Fresh complaint testimony as well as the doctor’s report differed as to whether the defendant had engaged in sexual intercourse with the complainant during the August 1 incident. In addition, clothes worn by the complainant during the alleged attacks and a sheet tested negative for the presence of semen. These discrepancies may have led the jury to acquit the defendant of the rape charges. The jury were not given the option of finding lesser-included offenses of indecent assault and battery with respect to the incidents that led to the indictments for rape.

Defense counsel stated, in the offer of proof, “that this witness is not unfamiliar with the legal system, particularly the criminal justice system, that she has previously complained of rape and. abuse by a man . . . who was the mother’s second husband, and he was convicted of rape and abuse of a child in the Berkshire Superior Court, I believe in 1986. And also that on the day that she returned to this house, on August 7, 1988, it was a result of already having reported a young man ... for having sexually abused her. And [he] was a child in a foster home.

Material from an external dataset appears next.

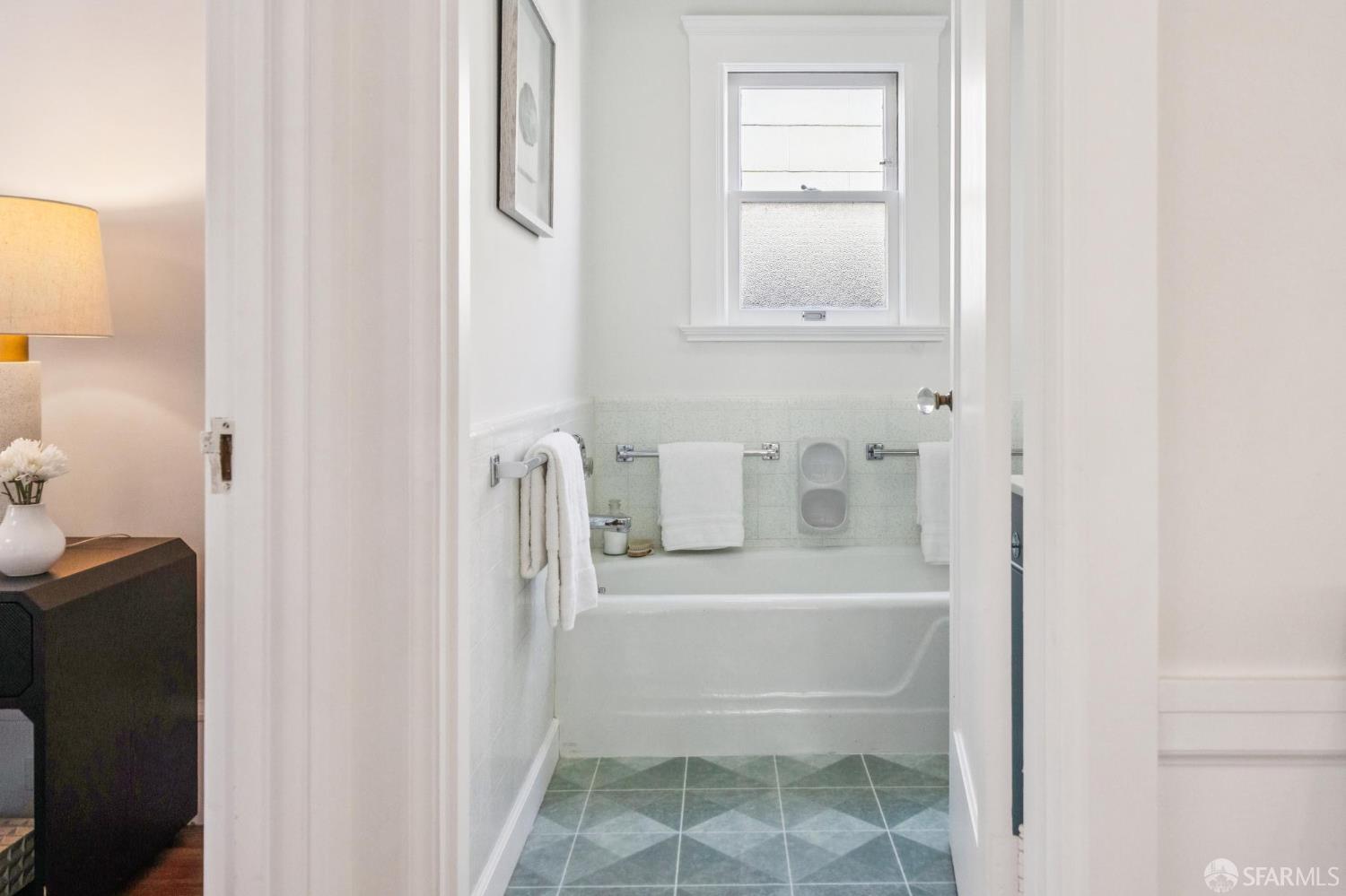 Detail Gallery Image 43 of 93 For 3641 Clement St, San Francisco,  CA 94121 - 4 Beds | 2/1 Baths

He was a foster sibling. I think that she is well aware of the criminal justice system, and I think it is admissible.”

The prosecutor registered a late objection to that question, which the judge sustained, but the prosecutor never moved to strike the answer. (See the excerpts from the transcript accompanying note 2, supra.) As the defendant conceded at oral argument, in the absence of such a motion, the objection is waived and the answer was before the jury. See Commonwealth v. Prince, 4 Mass. App. Ct. 799 (1976); Commonwealth v. Wood, 17 Mass. App. Ct. 304, 307 (1983).

We do not speculate whether attempts to introduce further evidence of the complainant’s accusations of sexual abuse on the part of others (along the lines of defense counsel’s offer of proof, for example — see note 2, supra) would run up against the rape shield statute.